Pictures with short captions:
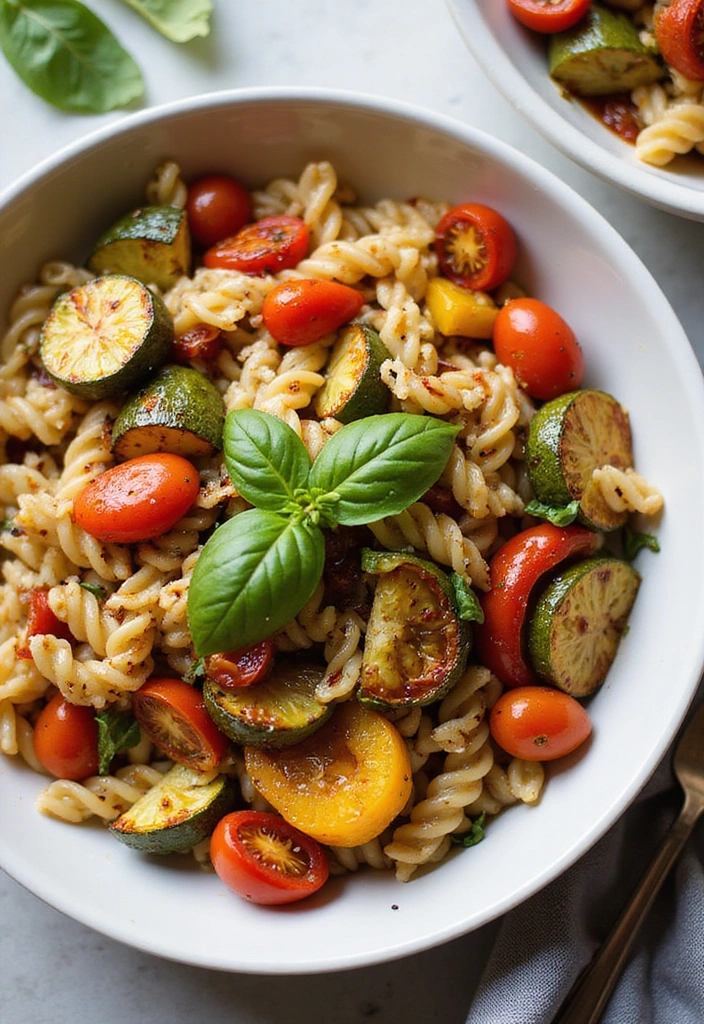 15 Vibrant Spring Vegetable Pasta Recipes That'll Brighten Your Dinner Table! - 3. Roasted Vegetable Pasta Primavera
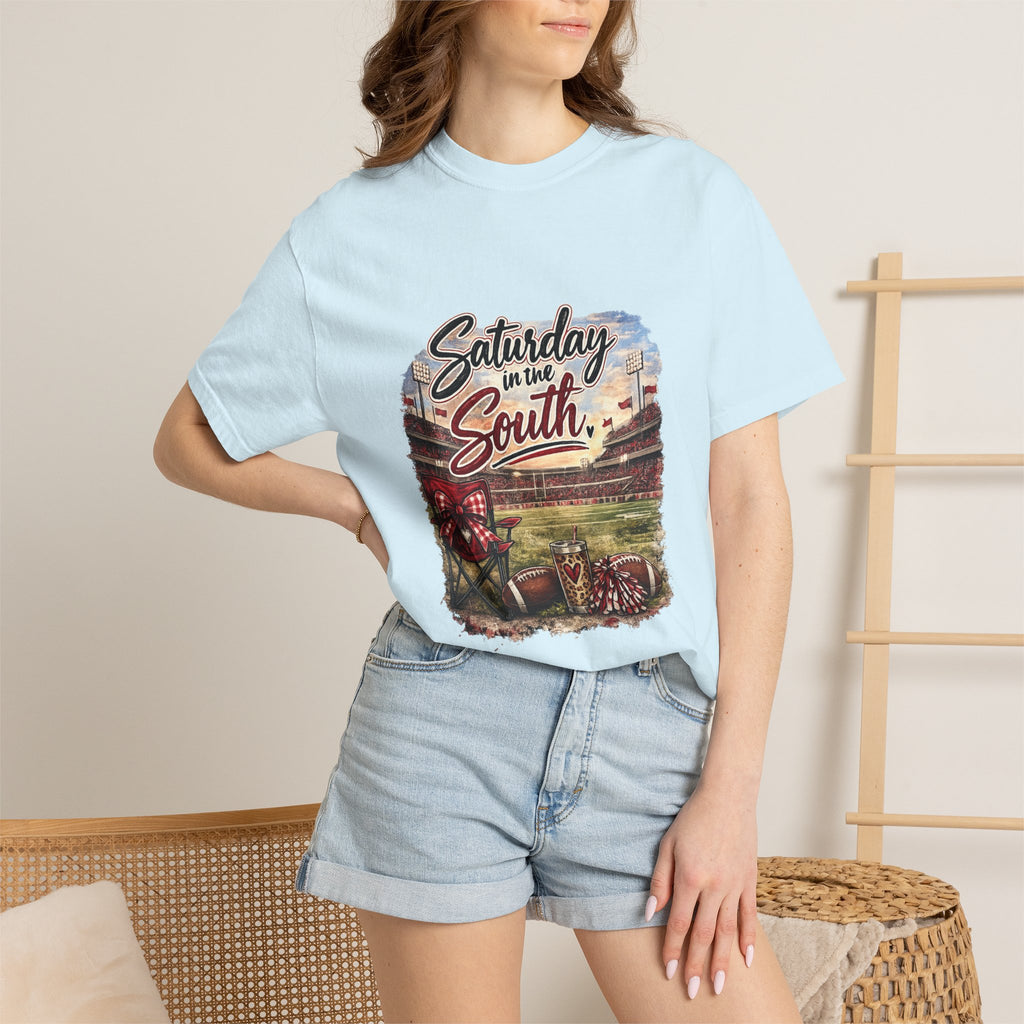 Saturday in the South T-Shirt – Tailgate Picnic Football Vintage Stadium Tee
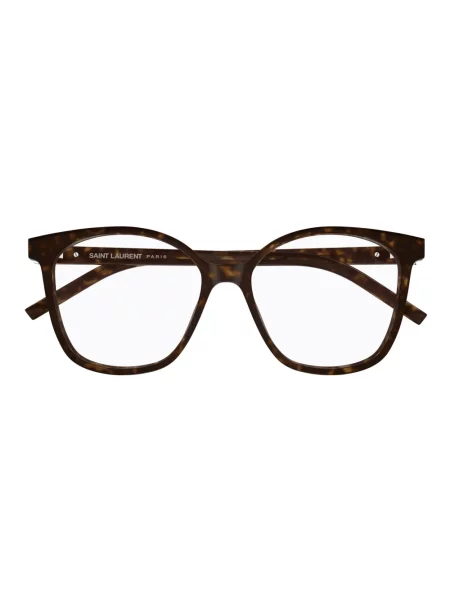 Okulary przeciwsłoneczne Saint Laurent brązowe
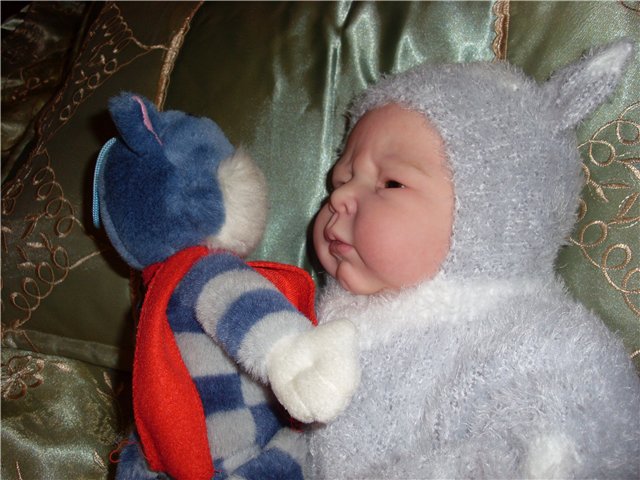 Кошачий барин. Кукла реборн Елены Андреевой (фото 9)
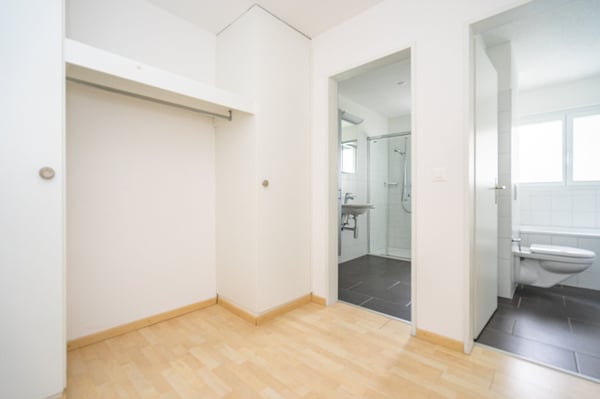 Moderne 1.5-Zimmer-Wohnung Gartensitzplatz in Dotzigen 7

*WORK INSTRUCTION:*
Repeat the records above word for word, apart from the pictures.

*WRITTEN SOLUTION:*
 15 Vibrant Spring Vegetable Pasta Recipes That'll Brighten Your Dinner Table! - 3. Roasted Vegetable Pasta Primavera
 Saturday in the South T-Shirt – Tailgate Picnic Football Vintage Stadium Tee
 Okulary przeciwsłoneczne Saint Laurent brązowe
 Кошачий барин. Кукла реборн Елены Андреевой (фото 9)
 Moderne 1.5-Zimmer-Wohnung Gartensitzplatz in Dotzigen 7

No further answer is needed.